Calendars everywhere!  Dozens of different calendars lined the shelves, of the bookstore, featuring an amazing array of themes and activities. Just about everyone is getting in on the act producing calendars to keep their name or business identity in our minds.  I wonder whether it has something to do with an increased propensity to mark the passing of time.  Each new year takes on the possibilities of new things, and the hope that others will be left behind.

And then there are those who mark time until the turning of the millennium.  The year 2000 has grabbed the imagination of many, with this same theme of "a new era".  Is this interest in calendars part of that?

There is no doubt that we need to set down landmarks at various stages on the journey.  The passing of time is not just a natural aspect of life, it also indicates growth and change.  We celebrate 21st birthdays; we note with decreasing enthusiasm the 30th, 40th, 50th, 60th, and so on.  We cannot deny the passing of time.  But we also recognise that we are not captive to time either.  Time is our friend, our partner on the journey, sometimes friendly, sometimes pushing us into decisions.

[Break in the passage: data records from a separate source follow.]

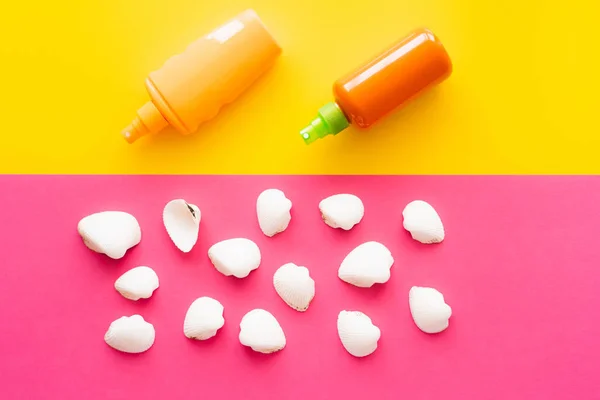 Top view of seashells near bottles of sunscreens on yellow and pink background — Stock Photo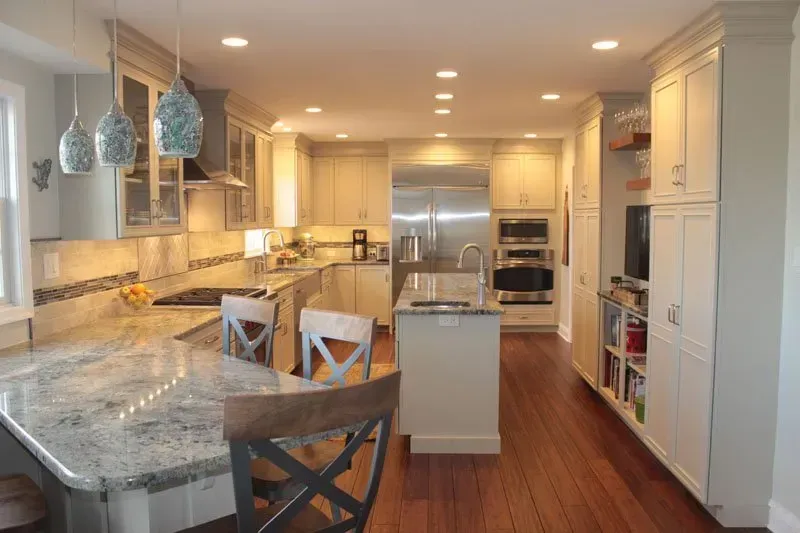 Bright modern kitchen with marble island, pendant lights, white cabinets, and stainless steel appliances In Bucks County PA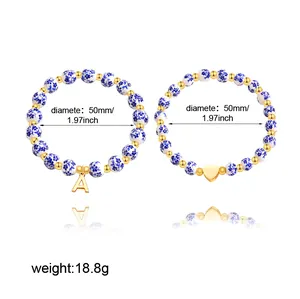 Detailed view of blue and white porcelain beaded bracelets with gold heart and letter A charms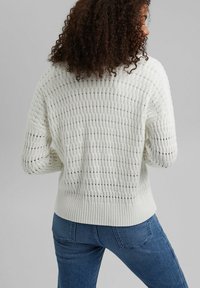 Vit stickad tröja med ett texturerat mönster och öppna vävdetaljer, ribbat fåll och långa ärmar. Matchad med blå jeans.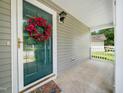 Inviting front porch with a decorative wreath on the door, offering a welcoming entrance to the home at 6228 Saybrooke Dr, Raleigh, NC 27604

All those calendars tell us the same story, and its message cannot be hidden behind glossy pictures: we are all given a certain amount of time - none of us can guarantee that we will be around to turn the month of December in the 1998 calendar.

This year the church celebrates fifty years as a constituted fellowship: who we are today is a gift from God through the people who have gone before us.  Their witness, their service, and their worship have set a groundwork (for good and ill) on which we build today.  But what are we putting in place for the coming generations?  Of course, the church can only be built on Jesus Christ - on our faith in his faithfulness.  Anything else is wood, hay and stubble.

As we continue through this year, let us use the time we are given to develop and deepen our love relationship with Jesus.  It is the best we can do to live today, to prepare for tomorrow, and to give to those following after us.